Considered as an institutional bridge, Schloss Hartheim was part of my winding down from the experience of the KZ. Apart from obvious differences in scale, there were close analogies. You found the same collegial spirit, with its masonic taciturnity and instinctive discretion, the same camaraderie and grit, the same alcohol reliance. I am positioned between the two chief medical officers and the fourteen nurses, seven male, seven female. This is not a convalescent home: no patient ever spends the night. Here

comes the bus with its tinted windows. It surges up into the grounds of the fabled castle, into the cold and weary magic of Schloss Hartheim.

It went like this, the sequence. Step one saw the arrival of a regulation urn of ashes, sent to us direct by the patient’s family, who would also notify the Condolence-Letter Department in Berlin, with whom we worked in parallel. These ashes, in their small portions, were accompanied by the death certificates of distinct individuals; but ashes are just ashes, and they all look the same, and they went straight into the pot of the Hartheim incinerator. What was wrong? What was the matter? Were the ovens malfunctioning? Was the Chamber faulty? Because the people we produced just weren’t any good anymore. All the wizardry and delirium, all the insomnia and diarrhea of Auschwitz—it was failing. Yes, that’s right: the wards, the examination rooms, the silent gardens of Schloss Hartheim were heavy with a sense of failing magic. At first the patients really weren’t that bad. Some little defect. Clubfoot. Cleft palate. But later they were absolutely hopeless. I try not to look at them closely, the patients, as I lead them in their paper bibs from the Chamber; I keep visualizing my own viscera, and there is something solid and man-made in there, like a lead pipe, snagged and dragging. Here, the gentle hesitancy of the blind. There, the lopsided, the scalene visage of the deaf. The white-haired lady looks nice but everything is wrong. The mad boy screams as he chases the male nurses down the damp corridors. The mad girl crouching in the corner with her frock up and the unforgivable substance coming from her mouth. There is such a thing, we say here, as life that is unworthy of life, and I don’t know about that, but nobody wants them, not even us, and they leave here the same day for some other place, in the coach with the tinted windows.

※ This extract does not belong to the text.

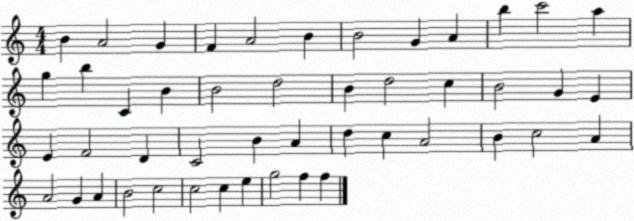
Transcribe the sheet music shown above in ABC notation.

Herta comes down to visit me as often as she can, which is not very often, because this is wartime, after all. We stay at the Gasthaus Drei Kronen on the Landstrasse near Linz, where I am impotent, and once we had a romantic weekend at the Hotel Gretchen in Vienna, where I was impotent. There is a small officers’ annex in the village itself for me to be impotent at, and it is on this hygienic apartment that we increasingly depend. As time goes by, Herta seems more and more put out—by my impotence. She says I’ve changed but I don’t think that’s true. I’ve been impotent for as long as I can remember. She also upbraids me about the work I am engaged in at Schloss Hartheim. There are rumors in the village, there is gossip—latrine talk. She has got it all wrong, but then, too, I pooh-pooh her less grandly than I might. We hold hands across the table in the coffee shop. We part. Later in the dusk I entertain a perplexed perfecto as I walk back up the hill to the castle, to Schloss Hartheim. Above its archways and gables the evening sky is full of our unmentionable mistakes, hydrocephalic clouds and the wrongly curved palate of the west, and the cinders of our fires. I can see a lock of snow-white human hair drifting upward, then joining the more elliptical and elemental rhythm of the middle air. Tonight there’ll be a party in the basement at the Schloss to mark the arrival of our five thousandth patient (though I’m sure we’ve had many, many more than that), with Manfred on accordion: songs, toasts, pink party hats. Christian Wirth, our roving director, will be there: his belly, his colorful language, his exploded drinker’s face. Patient Five Thousand will also be present, in paper hat (and paper shirt), suspended in its journey between fire and gas, awaiting its span of deformity, hallucination, and constant itching. … He walks on, alone, Odilo Unverdorben.